# vines killing woods???



## kenabcd (Nov 9, 2003)

The back of our farm has a nice woods consisting of a kind of eastern hardwood mix. cherry, butternut, ash, oak, and elm are the main trees. I have noticed within the last few years that there are woody vines kind of crawling up the trees and pulling them down. Killing them. The vines wrap up the trees and the trees die. Looks parasitic. The vines travel accross the ground and pile up in some areas. The thickest vines are along the ground sometimes 2 to 3"
in diameter. I have been cutting the vines down but I guess I need to spend more time out there cause the vines are winning.

I was wondering what the heck these things are and if there is a better way to get rid of them. If I was 500 miles south Iwould say it almost looks like mutant kudzu but with our cold winters(central Minn.) it can't be that and they are too big anyway. 

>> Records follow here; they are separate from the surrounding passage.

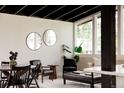 Open living area with black ceiling, modern furniture, and ample natural light from large windows at 7918 Raleigh Pl, Westminster, CO 80030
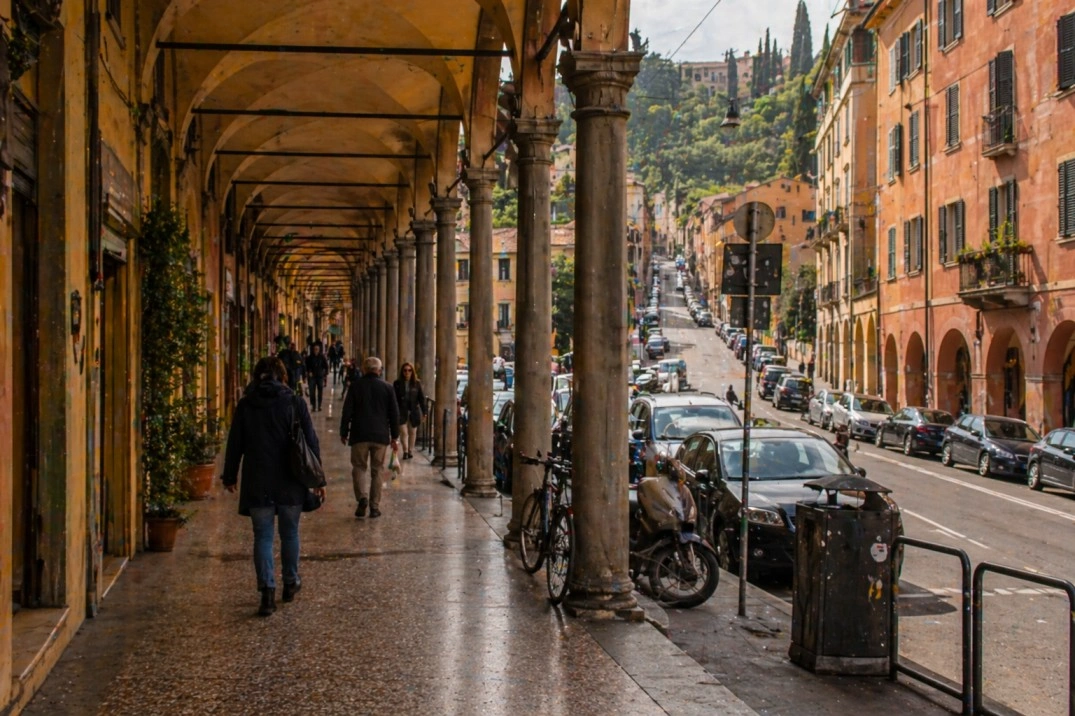 Saragozza in Bologna, Italy – residential portico route with walkers and parked cars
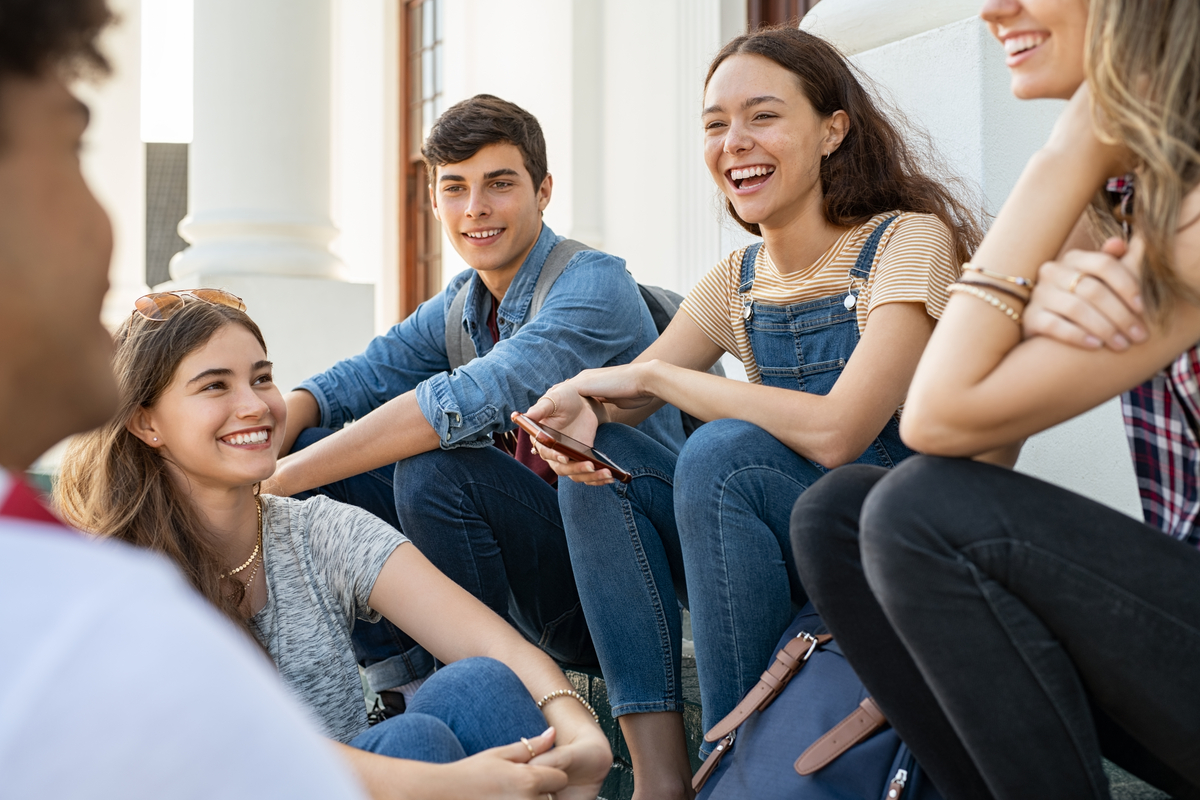 Group of young people in a seated position interacting with vibrant expressions.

Any help with identifing these '"weeds" would be welome. 
Thanks, Ken Bauman


----------



## WAYNEDANA (Nov 13, 2003)

*Vines*

Ken, I am pretty sure that the vines you are describing are wild grape vines. If you just cut the vines off at ground level, more than likely they will come back. You should cut them as low as possible and then you need to apply a brush killer of some type to the stump. Ortho has one for vines and brush. You can mix some in a spray bottle for easy use. 
Also you can use these vines to add to charcoal on the grill for smoke. Or cows and horses like to eat them to.
Good luck,,,WAYNE.


----------